March 8, 2018
By Dominic J Bartolone
Contributing Editor, Fraud Friday
Fraud Friday – Construction Company Owner Sentenced in Bank Fraud Scheme
The owner of a construction company in Conway, Arkansas was sentenced to three years in federal prison and ordered to pay more than $2 million in restitution for defrauding a community bank.
Thomas Matthew Beasley, 47, owner of the construction company, Cobas, pleaded guilty to a single charge of bank fraud. The Beasley case was unusual in that he turned himself into the bank and admitted to presenting fake invoices to increase his credit line.
Between August 2015 through December 2016, Beasley created and submitted 17 invoices to Centennial Bank, totaling $2,911.617, leading the bank to believe he was owed that amount and subsequently increasing his business line of credit by that amount.
However, as Beasley hoped to expand his business to cover the added debt, his company never caught up with the shortfall.

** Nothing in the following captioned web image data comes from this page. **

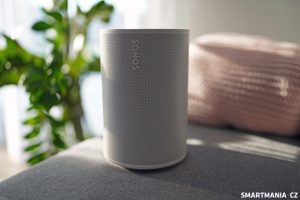 Sonos Era 100 02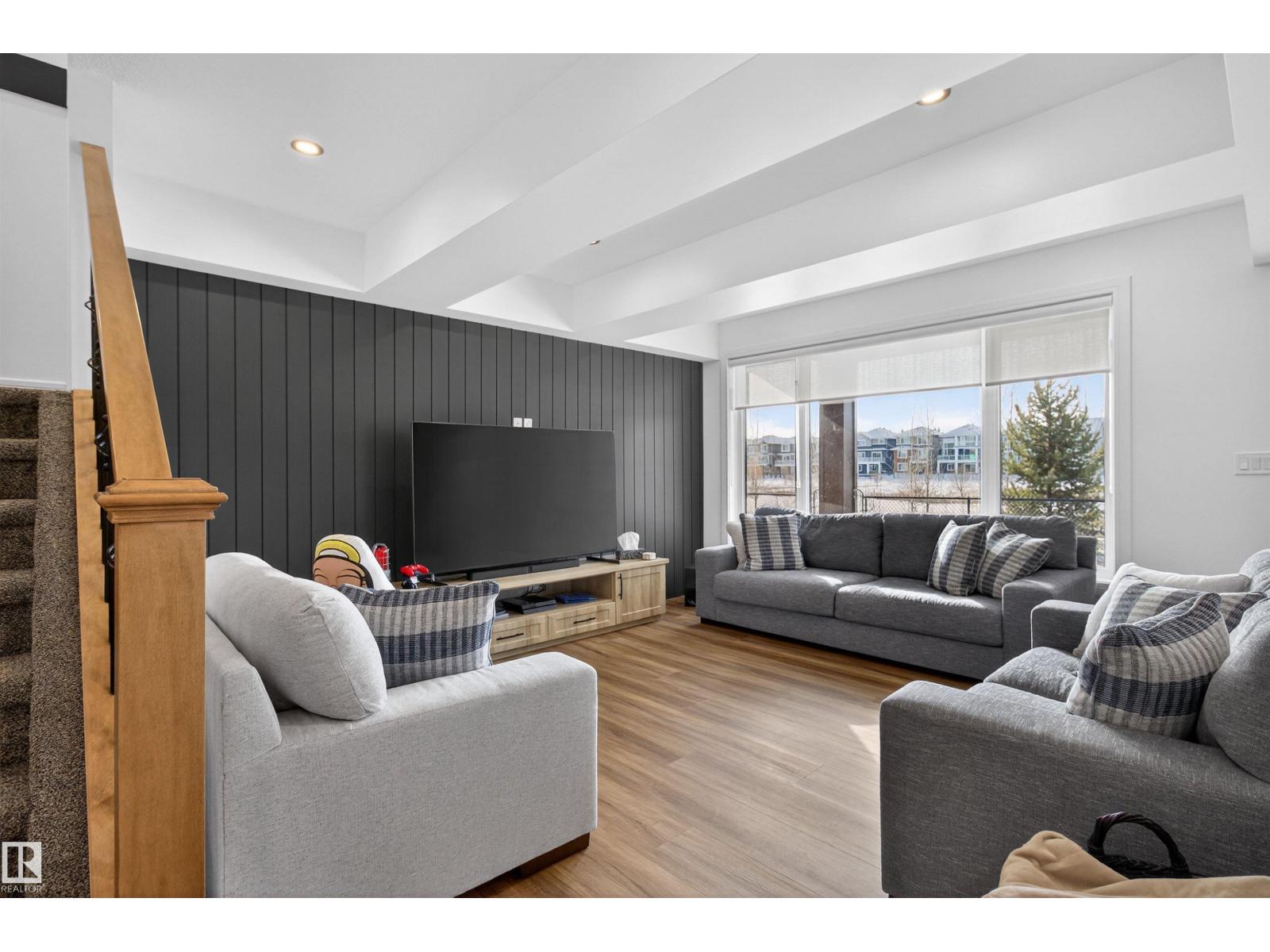 16615 32 AV SW - 59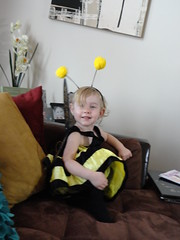 Halloween - 2012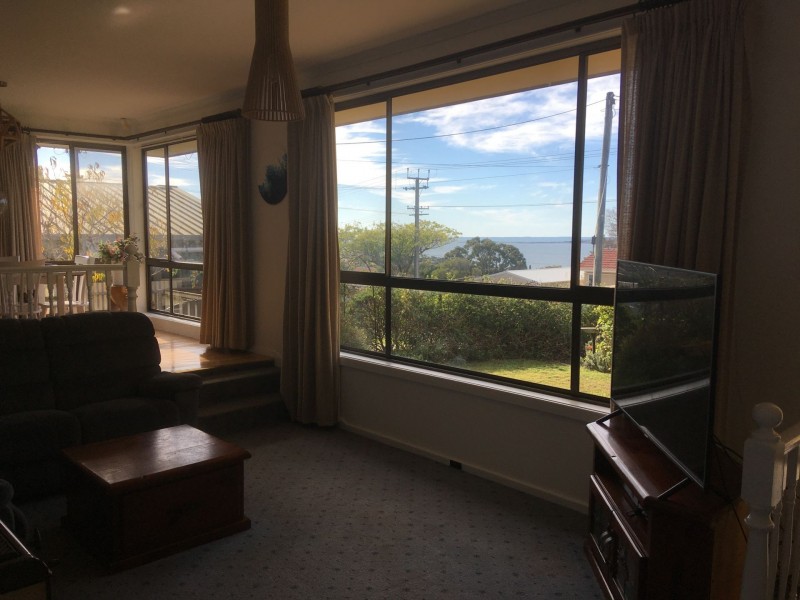 53 HILLTOP DRIVE, Port Lincoln SA 5606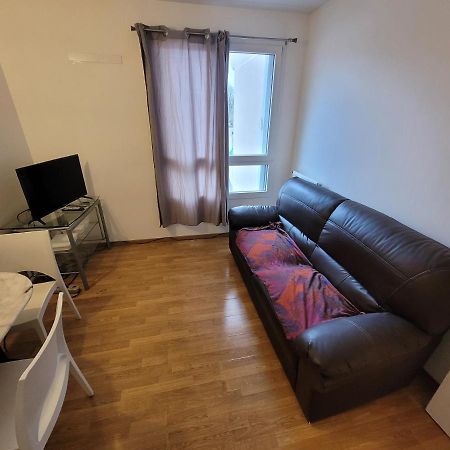 Le Peupleraie Chez L'Habitant بواسي سا لوجي المظهر الخارجي الصورة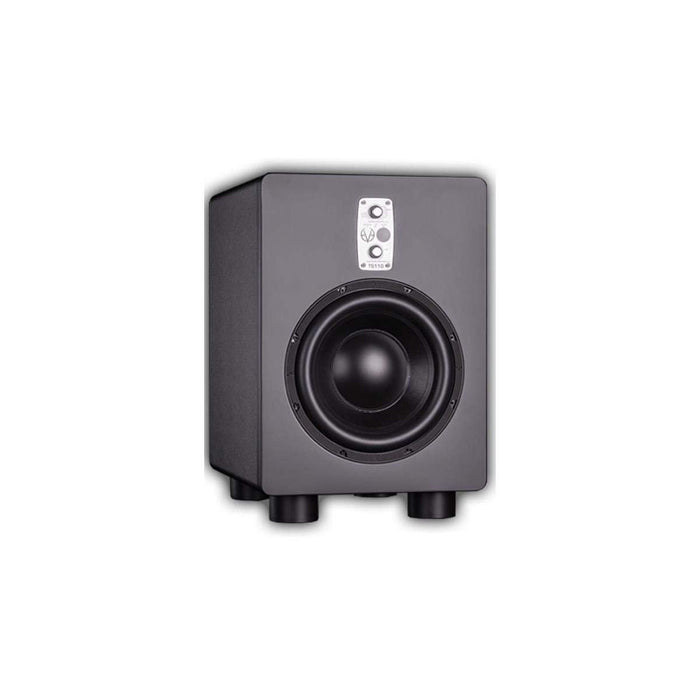 Eve Audio Thunderstorm Subwoofer, 10" (TS110-U)
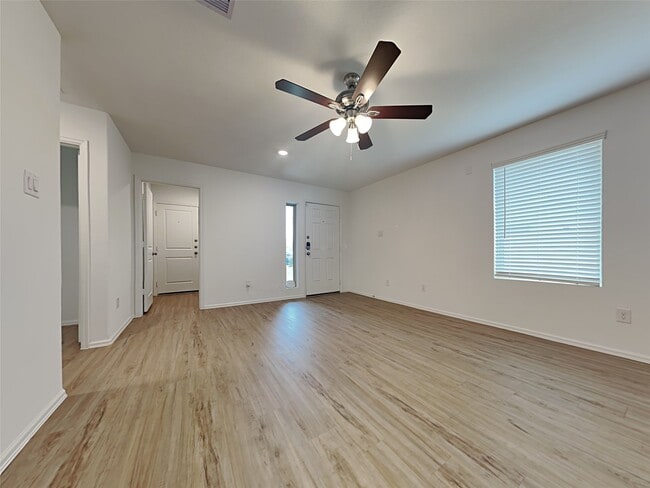 Photo - 27022 Euphonia Grn Ln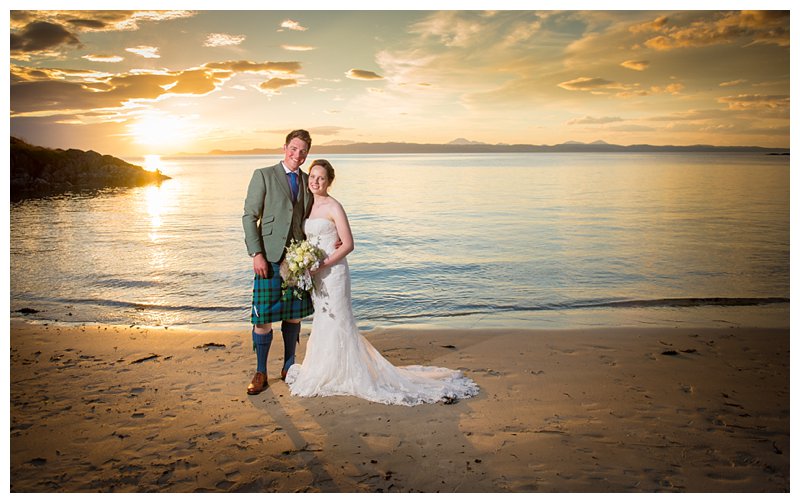 Glenfinnan - Scottish Highlands Wedding_0077.jpg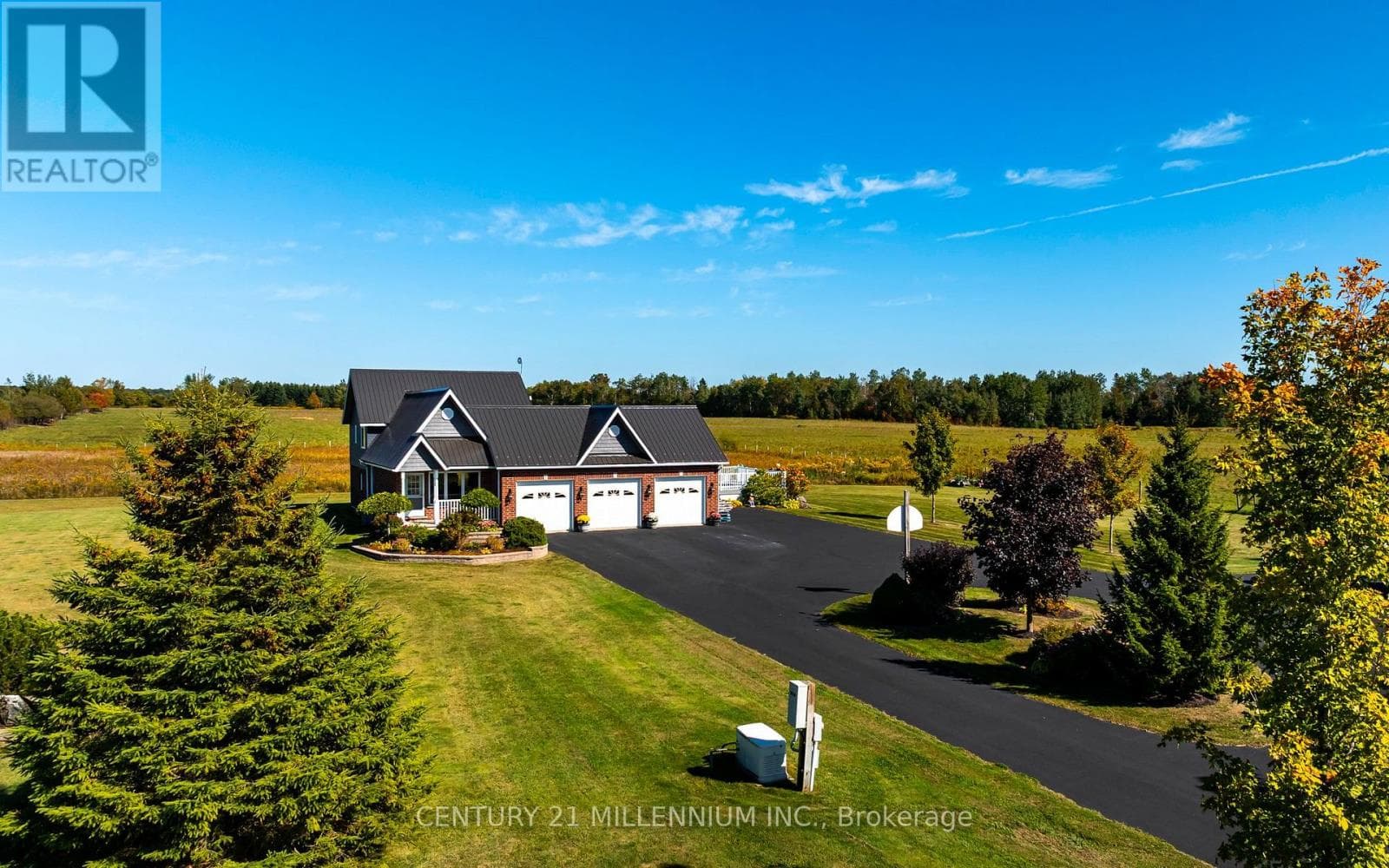 395115 COUNTY ROAD 12 ROAD photo 3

About the time the bank was prepared to confront him on his obligations in 2017, Beasley decided to come clean and confess, saying his actions were a misguided effort to keep his company afloat and pay his employees through a business slowdown.
Beasley’s Father, Tom Beasley, had done business for more than 30 years with the bank, and ultimately told the court that he sold off his farm, which he spent 40 years building, to pay off some of the debt owed to the bank.
The younger Beasley still owes the bank just over $2 million, which Judge D. Price Marshall Jr. ordered him to repay during his two years of supervised release following his prison term.
Beasley’s attorney attempted to persuade Judge Marshall into handing down a light sentence of probation or home confinement, claiming Beasley did not use the money to enrich himself, but rather to continue paying his employees after his company fell on hard financial times.
Randy Sims, president, and CEO of Home BancShares, which owns Centennial Bank, spoke on behalf of a group of bankers and creditors attending the sentencing hearing, telling the judge that, “the bank lost over $2 million.. and the Beasley family lost their property, their land.”
He also noted that Beasley took advantage of his friendship with bankers and the long-time relationship they had with his father, and that Beasley “carried out his crime methodically” and that when he created and submitted false invoices, he know what he was doing.
At his sentencing hearing, Beasley told the court that his actions were motivated by selfishness, arrogance, and a desire to continue operating his business without outside help. He turned towards the courtroom and directly apologized to the bank and his family, saying that because of his actions, his parents nearly lost their home.
Judge Marshall said he was impressed by Beasley’s “genuine remorse” and seeing him come forward and take responsibility for his actions, but that a sentence of probation or home confinement was not appropriate in this case.
Beasley was facing up to 46 months under federal sentencing guidelines, and federal prosecutors asked the court for a sentence somewhere within those guidelines.